This clarification as regards pre-commencement costs has been echoed when considering costs incurred in respect of enforcement proceedings post-conviction. In Mirchandani v Lord Chancellor, the court found that a private prosecutor could seek the appointment of a receiver in respect of a convicted defendant’s assets, but that recovery from central funds was unavailable on the basis that enforcement proceedings were civil, rather than criminal, and therefore fell outside the remit of section 17. This decision was overturned, and the Court of Appeal confirmed that confiscation proceedings are part of the sentencing process, and that costs are recoverable for enforcement proceedings.
The extent to which either of those authorities will be followed remains to be seen but two recently reported decisions from the Senior Courts Costs Office are instructive of the ongoing attitude of the LAA to applications for costs by a private prosecutor.
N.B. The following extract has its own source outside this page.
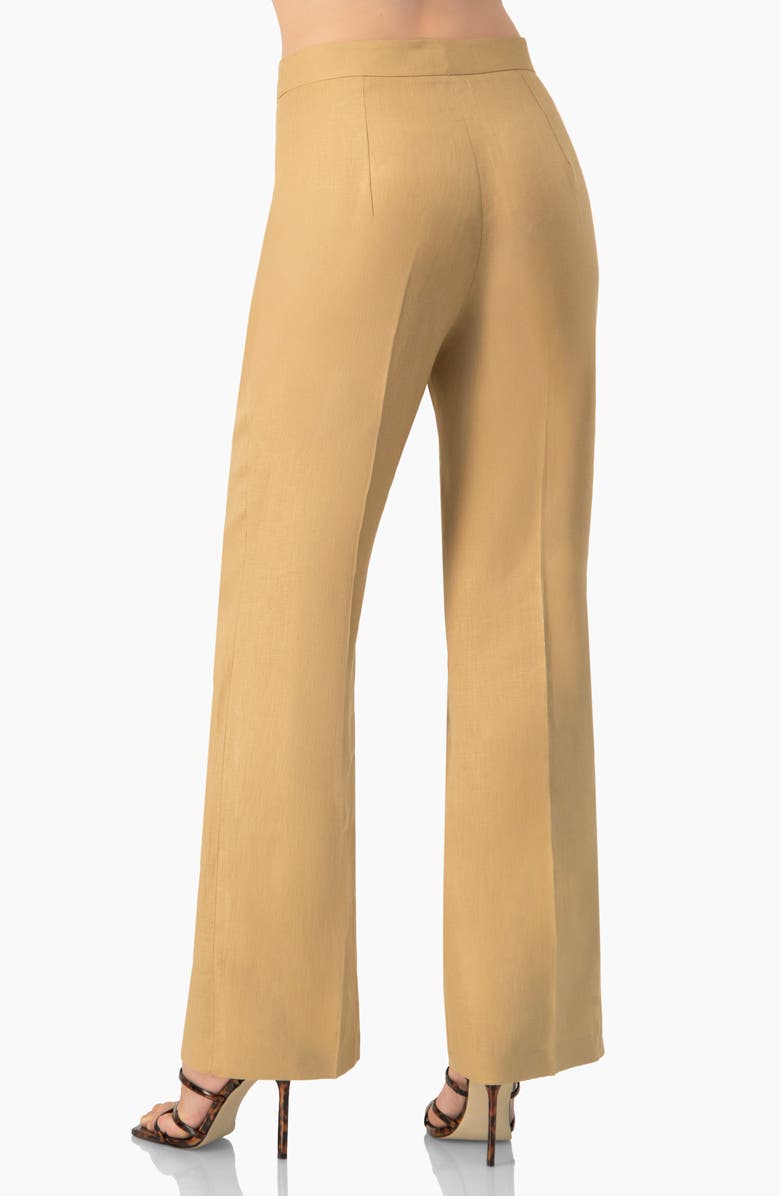 IVONNE Linen Straight Leg Wide Pants, Alternate, color, Beige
Fortunately, however, the court has provided clarification of the proper approach to orders for prosecutor’s costs from central funds under section 17 of the Act.
Das UK Holdings Ltd v Asplin and others  EWHC 2214 (SCCO)
This case concerned disbursements in a large private prosecution brought against six defendants for conspiracy to defraud in 2018. The LAA described it as “the largest sum ever claimed in a private prosecution”. Disbursements totalling a little short of £5 million on counsel, PwC, EY and Slaughter & May were reduced to under £1 million by the LAA’s Determining Officer (‘the DO’).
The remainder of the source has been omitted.